Yes. Unlike what other answers state, 'typical' machine-learning methods such as nonparametrics and (deep) neural networks can help create better MCMC samplers.
The goal of MCMC is to draw samples from an (unnormalized) target distribution $f(x)$. The obtained samples are used to approximate $f$ and mostly allow to compute expectations of functions under $f$ (i.e., high-dimensional integrals) and, in particular, properties of $f$ (such as moments).
Sampling usually requires a large number of evaluations of $f$, and possibly of its gradient, for methods such as Hamiltonian Monte Carlo (HMC).
If $f$ is costly to evaluate, or the gradient is unavailable, it is sometimes possible to build a less expensive surrogate function that can help guide the sampling and is evaluated in place of $f$ (in a way that still preserves the properties of MCMC).
For example, a seminal paper (Rasmussen 2003) proposes to use Gaussian Processes (a nonparametric function approximation) to build an approximation to $\log f$ and perform HMC on the surrogate function, with only the acceptance/rejection step of HMC based on $f$. This reduces the number of evaluation of the original $f$, and allows to perform MCMC on pdfs that would otherwise too expensive to evaluate.
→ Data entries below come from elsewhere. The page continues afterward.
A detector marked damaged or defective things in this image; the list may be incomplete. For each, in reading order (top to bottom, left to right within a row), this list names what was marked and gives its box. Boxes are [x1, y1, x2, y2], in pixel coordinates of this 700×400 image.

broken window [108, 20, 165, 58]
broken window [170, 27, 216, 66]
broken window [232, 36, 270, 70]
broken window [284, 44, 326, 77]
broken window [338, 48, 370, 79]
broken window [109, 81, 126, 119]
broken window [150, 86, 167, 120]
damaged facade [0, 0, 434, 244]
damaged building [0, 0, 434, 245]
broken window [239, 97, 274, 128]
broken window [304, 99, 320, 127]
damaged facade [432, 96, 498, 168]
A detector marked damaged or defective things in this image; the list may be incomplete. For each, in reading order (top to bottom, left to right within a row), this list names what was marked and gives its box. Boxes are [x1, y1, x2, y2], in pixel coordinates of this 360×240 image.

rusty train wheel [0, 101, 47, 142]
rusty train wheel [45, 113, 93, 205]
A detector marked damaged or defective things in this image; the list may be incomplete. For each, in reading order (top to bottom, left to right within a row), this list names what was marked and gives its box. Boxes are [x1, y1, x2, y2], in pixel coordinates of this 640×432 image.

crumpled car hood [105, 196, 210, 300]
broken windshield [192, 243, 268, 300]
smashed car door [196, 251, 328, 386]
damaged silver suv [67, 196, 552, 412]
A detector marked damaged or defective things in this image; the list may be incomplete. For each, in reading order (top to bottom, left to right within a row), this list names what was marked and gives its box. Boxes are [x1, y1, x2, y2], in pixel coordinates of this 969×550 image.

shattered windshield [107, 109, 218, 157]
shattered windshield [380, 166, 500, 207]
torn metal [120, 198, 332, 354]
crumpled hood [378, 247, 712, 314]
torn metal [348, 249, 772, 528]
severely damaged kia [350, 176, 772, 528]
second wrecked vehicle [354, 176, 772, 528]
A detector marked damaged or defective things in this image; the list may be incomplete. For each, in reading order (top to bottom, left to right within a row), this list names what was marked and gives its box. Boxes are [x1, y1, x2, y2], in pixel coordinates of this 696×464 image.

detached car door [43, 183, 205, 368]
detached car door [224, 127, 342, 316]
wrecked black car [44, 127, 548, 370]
The idea of using surrogates to speed up MCMC has been explored a lot in the past few years, essentially by trying different ways to build the surrogate function and combine it efficiently/adaptively with different MCMC methods (and in a way that preserves the 'correctness' of MCMC sampling). Related to your question, these two very recent papers use advanced machine learning techniques -- random networks (Zhang et al. 2015) or adaptively learnt exponential kernel functions (Strathmann et al. 2015) -- to build the surrogate function.
HMC is not the only form of MCMC that can benefit from surrogates. For example, Nishiara et al. (2014) build an approximation of the target density by fitting a multivariate Student's $t$ distribution to the multi-chain state of an ensemble sampler, and use this to perform a generalized form of elliptical slice sampling.
These are only examples. In general, a number of distinct ML techniques (mostly in the area of function approximation and density estimation) can be used to extract information that might improve the efficiency of MCMC samplers. Their actual usefulness -- e.g. measured in number of "effective independent samples per second" -- is conditional on $f$ being expensive or somewhat hard to compute; also, many of these methods may require tuning of their own or additional knowledge, restricting their applicability.
Rasmussen, Carl Edward. "Gaussian processes to speed up hybrid Monte Carlo for expensive Bayesian integrals." Bayesian Statistics 7. 2003.
Zhang, Cheng, Babak Shahbaba, and Hongkai Zhao. "Hamiltonian Monte Carlo Acceleration using Surrogate Functions with Random Bases." arXiv preprint arXiv:1506.05555 (2015).
Strathmann, Heiko, et al. "Gradient-free Hamiltonian Monte Carlo with efficient kernel exponential families." Advances in Neural Information Processing Systems. 2015.
Nishihara, Robert, Iain Murray, and Ryan P. Adams. "Parallel MCMC with generalized elliptical slice sampling." Journal of Machine Learning Research 15.1 (2014): 2087-2112.